Quando la nave è in moto,  a velocità costante e senza scosse, gli stessi fenomeni avvengono nella stessa maniera. Saltando verso prua o verso poppa a piedi pari con la stessa forza si supera la stessa  distanza vale a dire che saltare verso prua non è più faticoso che saltare verso poppa.

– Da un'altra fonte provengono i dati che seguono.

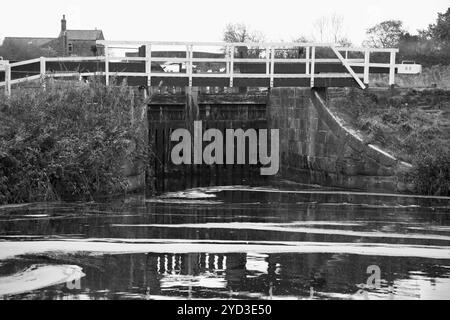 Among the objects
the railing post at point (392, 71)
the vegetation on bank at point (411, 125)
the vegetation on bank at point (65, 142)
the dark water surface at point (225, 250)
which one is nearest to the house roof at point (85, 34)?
the railing post at point (392, 71)

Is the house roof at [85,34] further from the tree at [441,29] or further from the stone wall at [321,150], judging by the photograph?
the stone wall at [321,150]

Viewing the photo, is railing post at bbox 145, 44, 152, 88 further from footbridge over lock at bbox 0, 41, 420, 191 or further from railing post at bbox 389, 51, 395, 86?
railing post at bbox 389, 51, 395, 86

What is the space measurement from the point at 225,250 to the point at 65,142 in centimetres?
892

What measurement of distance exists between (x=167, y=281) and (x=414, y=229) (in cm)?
710

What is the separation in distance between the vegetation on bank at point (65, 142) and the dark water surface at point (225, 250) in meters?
0.89

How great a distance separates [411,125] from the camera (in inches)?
1048

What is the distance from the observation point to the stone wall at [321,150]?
25.7m

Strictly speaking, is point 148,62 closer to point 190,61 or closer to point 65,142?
point 190,61

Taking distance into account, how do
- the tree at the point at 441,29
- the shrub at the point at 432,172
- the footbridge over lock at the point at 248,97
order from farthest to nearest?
the tree at the point at 441,29, the footbridge over lock at the point at 248,97, the shrub at the point at 432,172

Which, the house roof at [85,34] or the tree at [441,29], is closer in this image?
the tree at [441,29]

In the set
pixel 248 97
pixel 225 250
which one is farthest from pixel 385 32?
pixel 225 250

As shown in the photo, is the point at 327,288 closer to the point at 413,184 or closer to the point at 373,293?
the point at 373,293

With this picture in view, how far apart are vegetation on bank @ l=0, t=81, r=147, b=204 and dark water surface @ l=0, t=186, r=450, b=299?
893 mm

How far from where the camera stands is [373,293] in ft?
36.5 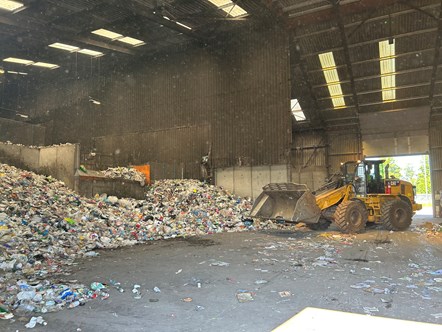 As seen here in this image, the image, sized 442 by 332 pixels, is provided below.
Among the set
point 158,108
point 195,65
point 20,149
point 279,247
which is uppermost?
point 195,65

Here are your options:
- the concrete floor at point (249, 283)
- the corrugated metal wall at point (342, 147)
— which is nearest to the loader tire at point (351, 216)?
the concrete floor at point (249, 283)

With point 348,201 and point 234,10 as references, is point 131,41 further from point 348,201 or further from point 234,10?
point 348,201

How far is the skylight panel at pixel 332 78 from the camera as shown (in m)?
14.5

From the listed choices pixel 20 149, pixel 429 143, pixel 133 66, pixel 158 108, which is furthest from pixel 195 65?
pixel 429 143

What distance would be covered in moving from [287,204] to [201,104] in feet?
29.9

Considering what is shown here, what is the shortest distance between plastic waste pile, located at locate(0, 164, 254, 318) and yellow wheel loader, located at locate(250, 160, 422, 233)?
2.16m

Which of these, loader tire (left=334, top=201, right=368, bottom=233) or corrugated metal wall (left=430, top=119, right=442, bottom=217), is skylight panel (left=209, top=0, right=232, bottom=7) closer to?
loader tire (left=334, top=201, right=368, bottom=233)

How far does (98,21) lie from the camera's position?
14266 millimetres

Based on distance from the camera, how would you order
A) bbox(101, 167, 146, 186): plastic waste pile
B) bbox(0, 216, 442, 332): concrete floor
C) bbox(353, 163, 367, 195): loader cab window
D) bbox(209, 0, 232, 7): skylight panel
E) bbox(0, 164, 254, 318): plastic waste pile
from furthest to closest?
bbox(101, 167, 146, 186): plastic waste pile → bbox(209, 0, 232, 7): skylight panel → bbox(353, 163, 367, 195): loader cab window → bbox(0, 164, 254, 318): plastic waste pile → bbox(0, 216, 442, 332): concrete floor

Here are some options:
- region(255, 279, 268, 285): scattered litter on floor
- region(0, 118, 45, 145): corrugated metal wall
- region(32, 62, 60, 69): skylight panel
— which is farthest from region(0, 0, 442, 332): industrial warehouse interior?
region(32, 62, 60, 69): skylight panel

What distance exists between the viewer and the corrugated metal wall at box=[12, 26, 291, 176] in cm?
1488

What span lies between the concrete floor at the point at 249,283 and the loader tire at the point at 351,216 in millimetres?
1362

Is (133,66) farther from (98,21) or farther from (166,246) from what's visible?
(166,246)

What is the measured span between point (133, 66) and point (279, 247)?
15.7 m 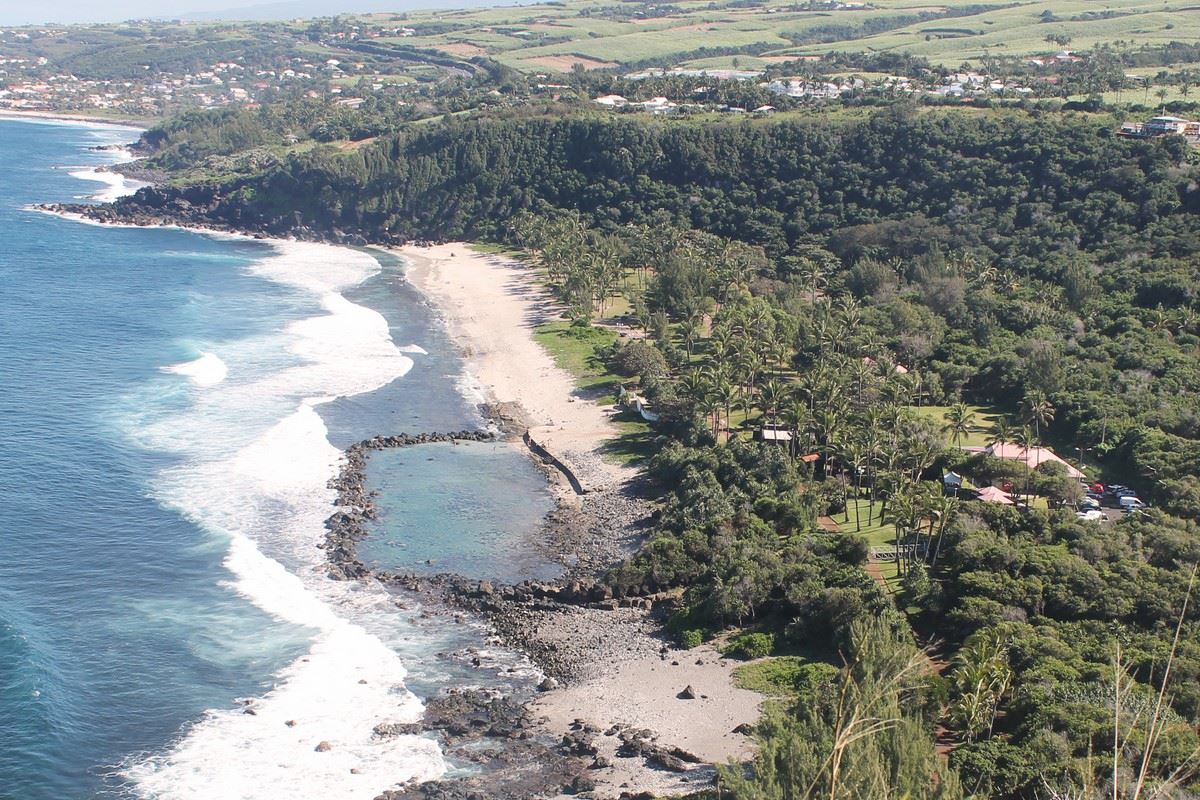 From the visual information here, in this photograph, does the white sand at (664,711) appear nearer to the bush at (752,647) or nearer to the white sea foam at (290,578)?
the bush at (752,647)

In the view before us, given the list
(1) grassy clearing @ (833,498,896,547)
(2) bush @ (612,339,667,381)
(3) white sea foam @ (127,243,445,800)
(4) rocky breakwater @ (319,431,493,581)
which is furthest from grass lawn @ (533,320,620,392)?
(1) grassy clearing @ (833,498,896,547)

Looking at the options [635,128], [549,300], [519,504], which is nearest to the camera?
[519,504]

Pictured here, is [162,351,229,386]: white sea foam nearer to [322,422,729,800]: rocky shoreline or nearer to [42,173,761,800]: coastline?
[42,173,761,800]: coastline

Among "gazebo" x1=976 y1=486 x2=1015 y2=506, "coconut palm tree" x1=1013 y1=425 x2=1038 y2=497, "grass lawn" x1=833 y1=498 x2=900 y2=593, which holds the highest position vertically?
"coconut palm tree" x1=1013 y1=425 x2=1038 y2=497

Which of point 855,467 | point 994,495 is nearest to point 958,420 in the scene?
point 994,495

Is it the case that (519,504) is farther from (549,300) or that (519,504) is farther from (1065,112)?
(1065,112)

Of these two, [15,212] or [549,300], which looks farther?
[15,212]

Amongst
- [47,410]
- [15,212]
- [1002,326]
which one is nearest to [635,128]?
[1002,326] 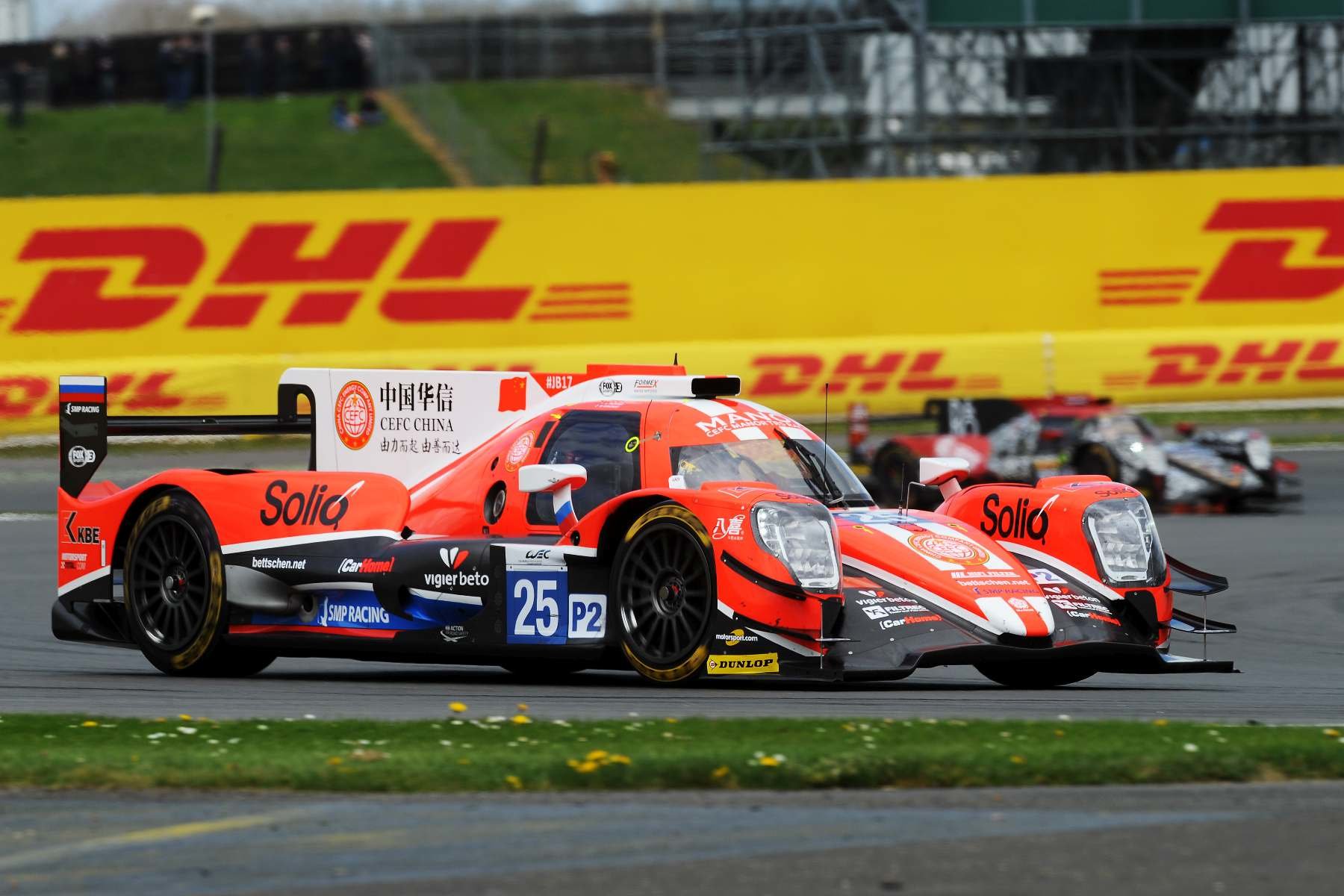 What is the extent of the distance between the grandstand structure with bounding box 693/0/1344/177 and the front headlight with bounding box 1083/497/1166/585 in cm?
2391

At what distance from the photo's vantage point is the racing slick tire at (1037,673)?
939cm

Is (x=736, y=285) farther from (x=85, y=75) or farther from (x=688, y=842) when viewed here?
(x=688, y=842)

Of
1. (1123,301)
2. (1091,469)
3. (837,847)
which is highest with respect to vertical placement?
(1123,301)

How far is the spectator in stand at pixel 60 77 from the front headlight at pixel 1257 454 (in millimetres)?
25085

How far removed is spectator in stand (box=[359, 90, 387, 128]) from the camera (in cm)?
3681

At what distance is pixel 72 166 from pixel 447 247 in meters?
11.8

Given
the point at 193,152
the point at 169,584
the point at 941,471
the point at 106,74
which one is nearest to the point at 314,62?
the point at 106,74

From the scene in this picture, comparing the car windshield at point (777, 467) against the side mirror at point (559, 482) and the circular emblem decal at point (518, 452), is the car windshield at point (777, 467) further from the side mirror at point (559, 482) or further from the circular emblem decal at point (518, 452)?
the circular emblem decal at point (518, 452)

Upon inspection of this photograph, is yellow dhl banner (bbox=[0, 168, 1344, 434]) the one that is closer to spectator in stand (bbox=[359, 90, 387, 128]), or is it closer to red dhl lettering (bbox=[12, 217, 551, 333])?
red dhl lettering (bbox=[12, 217, 551, 333])

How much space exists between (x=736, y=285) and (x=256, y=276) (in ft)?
18.8

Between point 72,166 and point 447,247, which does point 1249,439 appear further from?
point 72,166

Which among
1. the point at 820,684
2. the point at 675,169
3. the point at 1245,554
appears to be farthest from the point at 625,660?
the point at 675,169

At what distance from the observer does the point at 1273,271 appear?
25.2 metres

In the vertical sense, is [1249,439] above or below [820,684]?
above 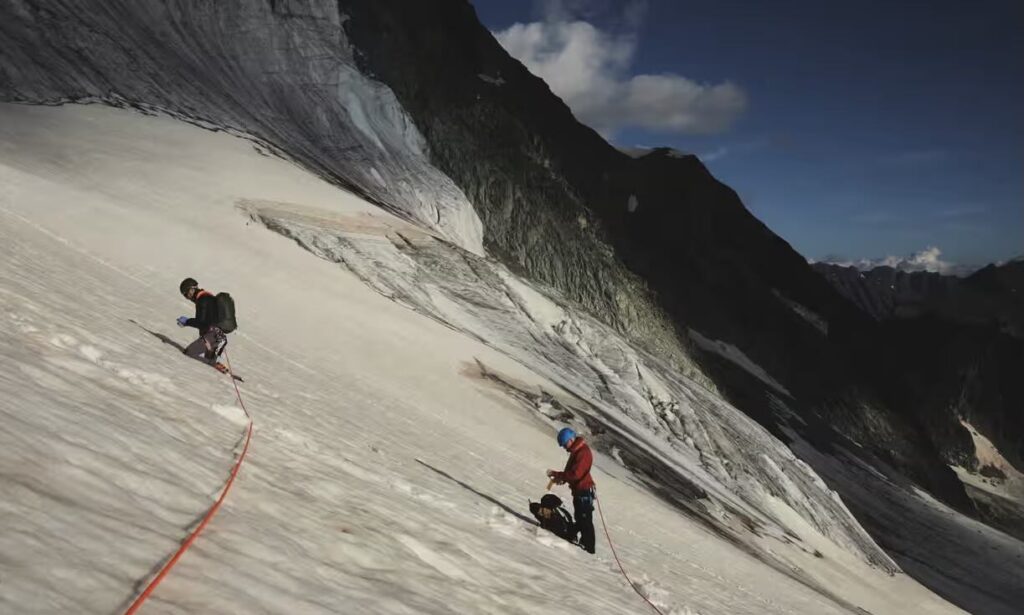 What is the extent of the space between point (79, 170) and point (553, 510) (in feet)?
73.0

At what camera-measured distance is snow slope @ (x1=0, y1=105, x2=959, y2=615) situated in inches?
152

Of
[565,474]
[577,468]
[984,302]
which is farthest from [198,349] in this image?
[984,302]

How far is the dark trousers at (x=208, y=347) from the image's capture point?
35.1 feet

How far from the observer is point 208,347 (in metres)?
10.7

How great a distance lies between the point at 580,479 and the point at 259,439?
430 centimetres

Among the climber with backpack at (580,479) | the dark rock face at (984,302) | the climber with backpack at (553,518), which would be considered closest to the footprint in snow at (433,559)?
the climber with backpack at (580,479)

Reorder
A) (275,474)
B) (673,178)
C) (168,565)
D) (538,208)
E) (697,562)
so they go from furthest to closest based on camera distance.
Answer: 1. (673,178)
2. (538,208)
3. (697,562)
4. (275,474)
5. (168,565)

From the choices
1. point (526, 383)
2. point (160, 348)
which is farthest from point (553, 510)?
point (526, 383)

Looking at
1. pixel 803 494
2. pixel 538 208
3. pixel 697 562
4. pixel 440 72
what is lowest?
pixel 697 562

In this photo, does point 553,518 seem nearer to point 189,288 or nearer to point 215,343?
point 215,343

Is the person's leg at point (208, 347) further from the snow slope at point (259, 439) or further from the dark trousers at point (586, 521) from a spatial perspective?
the dark trousers at point (586, 521)

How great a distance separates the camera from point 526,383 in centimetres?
2419

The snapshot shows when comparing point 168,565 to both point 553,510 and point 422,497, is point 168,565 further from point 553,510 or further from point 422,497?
point 553,510

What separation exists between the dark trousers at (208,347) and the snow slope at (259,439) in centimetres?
35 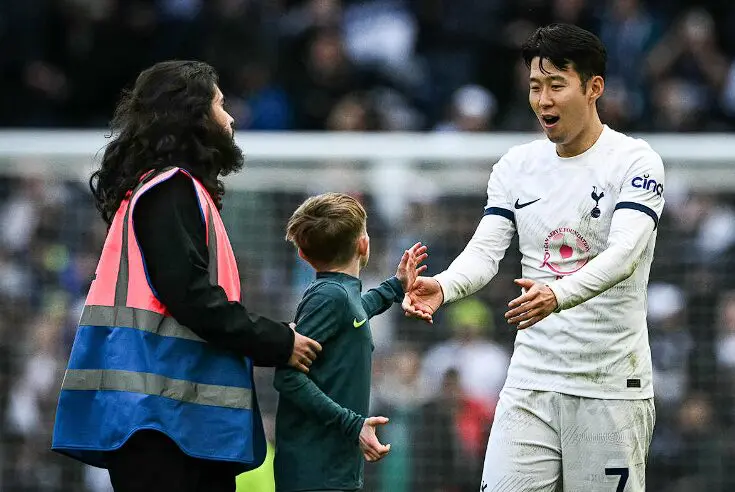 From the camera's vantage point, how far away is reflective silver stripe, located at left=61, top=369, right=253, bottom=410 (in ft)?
14.5

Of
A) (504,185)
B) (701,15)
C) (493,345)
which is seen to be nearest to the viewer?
(504,185)

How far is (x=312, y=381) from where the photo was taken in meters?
4.70

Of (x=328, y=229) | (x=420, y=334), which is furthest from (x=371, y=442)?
(x=420, y=334)

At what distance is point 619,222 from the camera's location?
15.5 ft

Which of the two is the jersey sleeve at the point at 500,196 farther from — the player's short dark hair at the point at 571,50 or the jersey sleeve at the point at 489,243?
the player's short dark hair at the point at 571,50

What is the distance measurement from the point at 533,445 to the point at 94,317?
159 cm

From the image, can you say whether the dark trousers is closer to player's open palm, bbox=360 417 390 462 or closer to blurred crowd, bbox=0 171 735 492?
player's open palm, bbox=360 417 390 462

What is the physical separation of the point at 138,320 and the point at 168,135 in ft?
2.07

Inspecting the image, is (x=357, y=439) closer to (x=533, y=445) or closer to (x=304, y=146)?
(x=533, y=445)

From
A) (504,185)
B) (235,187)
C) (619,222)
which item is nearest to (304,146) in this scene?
(235,187)

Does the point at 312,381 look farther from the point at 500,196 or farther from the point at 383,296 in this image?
the point at 500,196

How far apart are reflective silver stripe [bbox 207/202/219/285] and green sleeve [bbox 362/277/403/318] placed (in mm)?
631

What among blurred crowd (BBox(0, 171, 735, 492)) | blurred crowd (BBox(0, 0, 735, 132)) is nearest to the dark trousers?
blurred crowd (BBox(0, 171, 735, 492))

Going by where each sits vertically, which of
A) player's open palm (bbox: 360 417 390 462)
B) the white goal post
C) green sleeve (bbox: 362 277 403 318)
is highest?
the white goal post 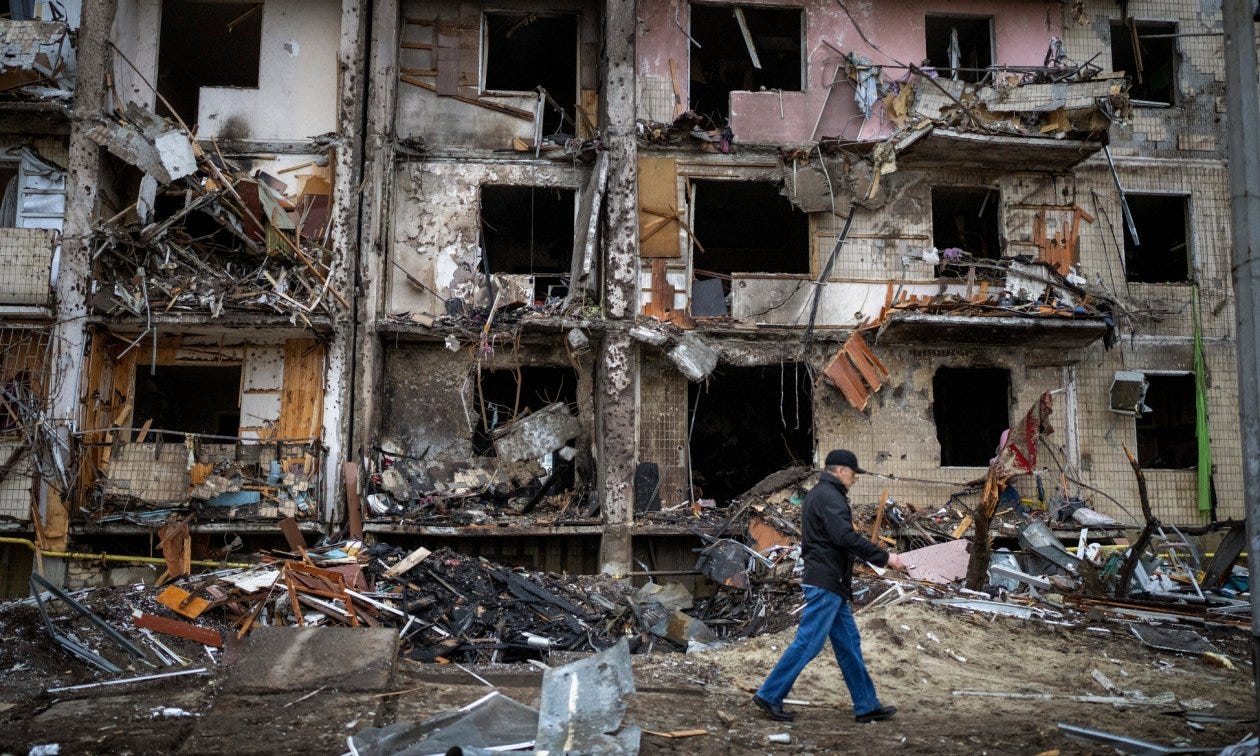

Osservate che avrete diligentemente tutte queste cose, benchè niuno dubbio vi sia che mentre il vassello sta fermo non debbano succedere così; fate muovere la nave con quanta si voglia velocità: ché (pur che il moto sia uniforme e non fluttuante in qua e in là) voi non riconoscerete una minima mutazione in tutti li nominati effetti, nè da alcuno di quelli potrete comprendere se la nave cammina oppur sta ferma..."
                Salviati, Seconda giornata, tratto da G.G. Dialogo, Oscar Mondatori, 2004, pag.196

 

Quindi se decidiamo di studiare qualche oggetto da un sistema di riferimento inerziale SRI (cosa sempre molto conveniente) qualsiasi sistema scegliamo troveremo sempre le stesse leggi fisiche, poiché non sono presenti, in un SRI, forze non presenti negli altri. Questo è detto "principio di relatività di Galileo".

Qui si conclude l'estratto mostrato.